Deutsche Post in €750m plan to deliver parcels as fast as letters
Deutsche Post DHL announced plans today for the biggest investment in its domestic parcels network since the 1990s. The company said it will invest EUR 750m in its processing centres and restructure its entire transport network – so that parcels can be delivered anywhere in Germany “as fast as we can deliver a letter today”.
The major investment in Deutsche Post’s parcels unit is directly related to a “booming” market for e-commerce in Germany, where parcel volume growth has gone from a 3.5% yearly average to a near-10% year-on-year growth rate in the first half of 2011.
The move is also in response to changing consumer behaviour and expectations for shipping services.
Plans will mean rapid transport for perishable items such as food products, reliable transit for sensitive goods and efficient cross-border return services, the company promised.
New sorting systems have already been piloted in three parcel centres in western and southern Germany that have achieved a 40% improvement in processing speed.

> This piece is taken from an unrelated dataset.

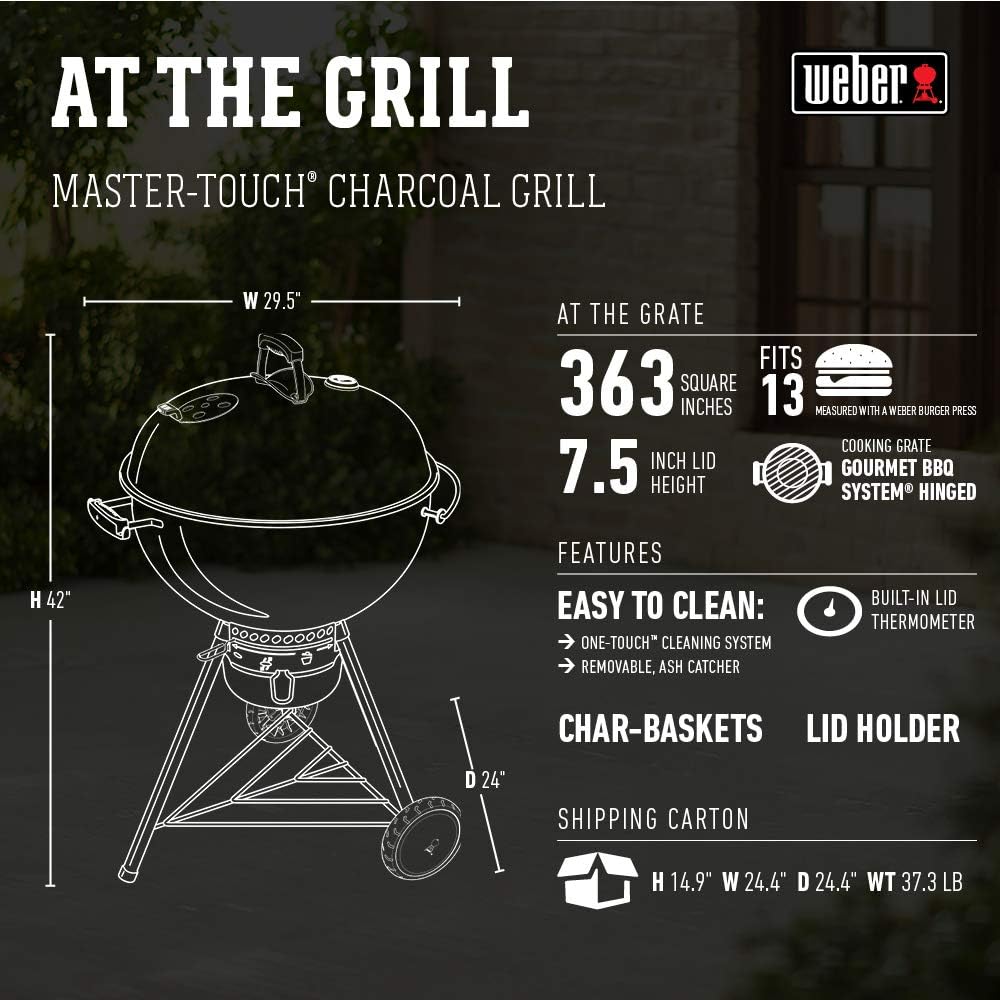 Weber Master-Touch 14516001 Barbecue au charbon de bois, bleu océan profond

Similar systems – including next-generation scanners, partially automated vehicle unloading systems and sorting technology – are now to be rolled out to a further seven centres.

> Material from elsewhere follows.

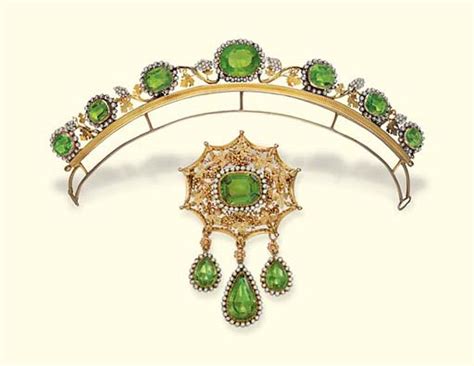 Antique Peridot Tiara And Brooch Crown Tiara Bling Peridot Georgian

Processing rates are expected to immediately increase from a typical 20,000 parcels per hour level to 28,000 per hour with the upgrades, with Deutsche Post aiming to see some of its centres achieving as much as a 50,000 per hour rate.
On the transport side, Deutsche Post has already purchased an additional 6,000 new parcel delivery vehicles ahead of its restructuring of nationwide transport systems that will include a redesign of Germany’s 650 parcel districts.

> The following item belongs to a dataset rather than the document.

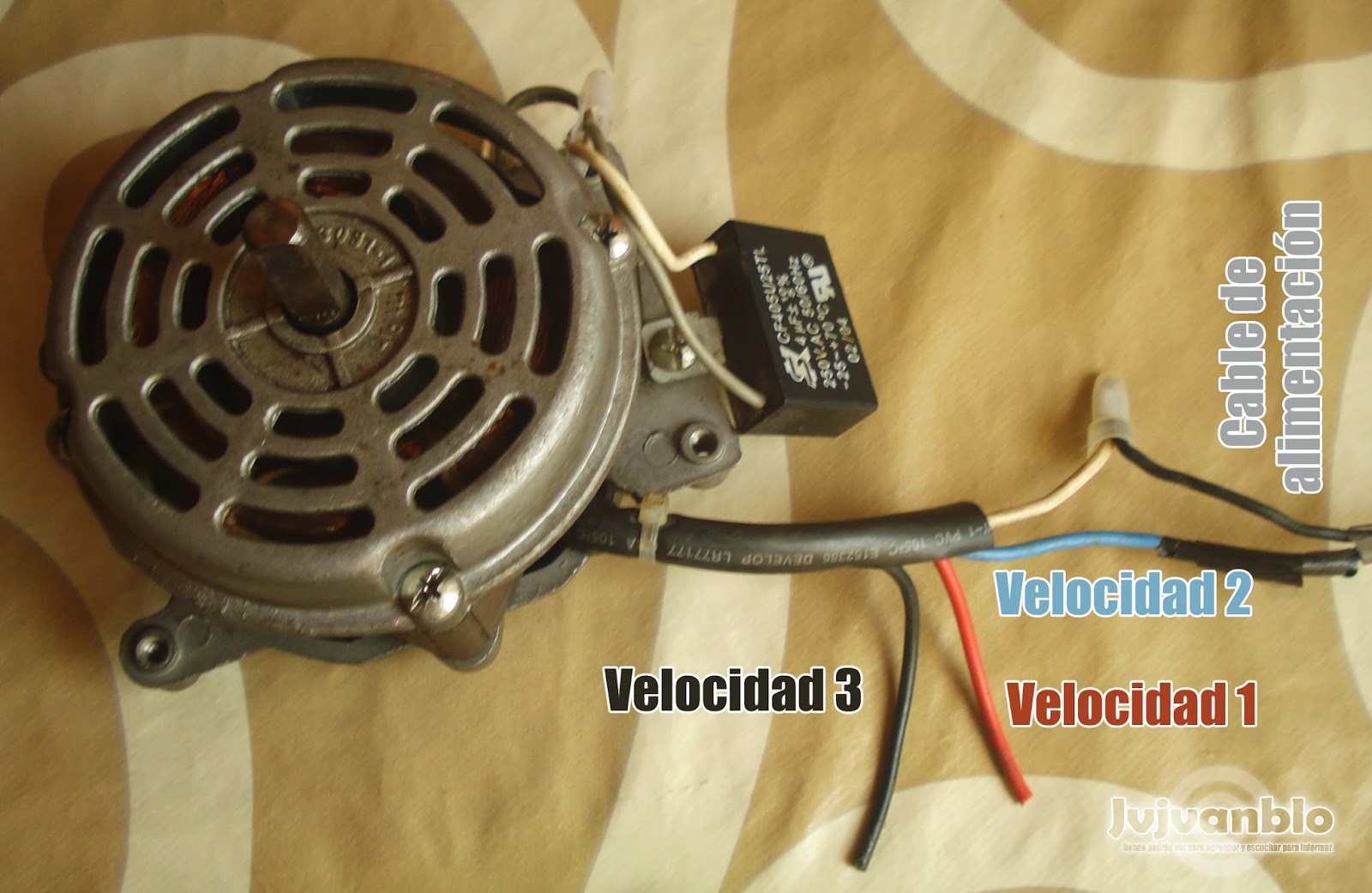 como se conecta un capacitor en un motor de ventilador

Jürgen Gerdes, Deutsche Post DHL’s Mail division board member said business and residential customers will benefit from the “dramatic improvement” in parcel services
“Our customers are going to see a dramatic improvement in our already market-leading quality and reliability,” said Jürgen Gerdes, the company’s Board Member for the Mail division.
“Our goal in the future is to deliver a parcel anywhere in Germany as fast as we can deliver a letter today.”
Second pillar
Parcels already represent a fifth of Deutsche Post’s mail revenues, with DHL Parcel handling more than 2.6m parcels each day – an amount that doubles in the run-up to Christmas.
Deutsche Post said its investment programme would reposition parcels as the “second pillar” within its mail division, after traditional mail – building a “powerful platform” for further growth.
Along with the pilot processing plants in Greven, Kitzingen and Neuwied, the next wave of upgraded parcel processing centres will be those at Aschheim, Augsburg, Bielefeld, Dorsten, Hagen, Regensburg and Saulheim, where improvements will be seen as soon as this festive season.
Deutsche Post will adapt its transport system so that packages can be fed into the mailstream a lot later in the day and in much higher numbers than they can today.
State-of-the-art software systems will also mean customers have the greatest possible access to real-time parcel tracking information, the company said.
Last week, Deutsche Post also revealed its intentions to considerably expand its network of automated parcel collection stations, called Packstations.
Gerdes said: “With the click of the mouse we will be able to offer a considerably more efficient and flexible parcel delivery service, reducing all the while our carbon emissions and offering modern services for a new type of consumer. Both business and retail customers alike will benefit equally from this.”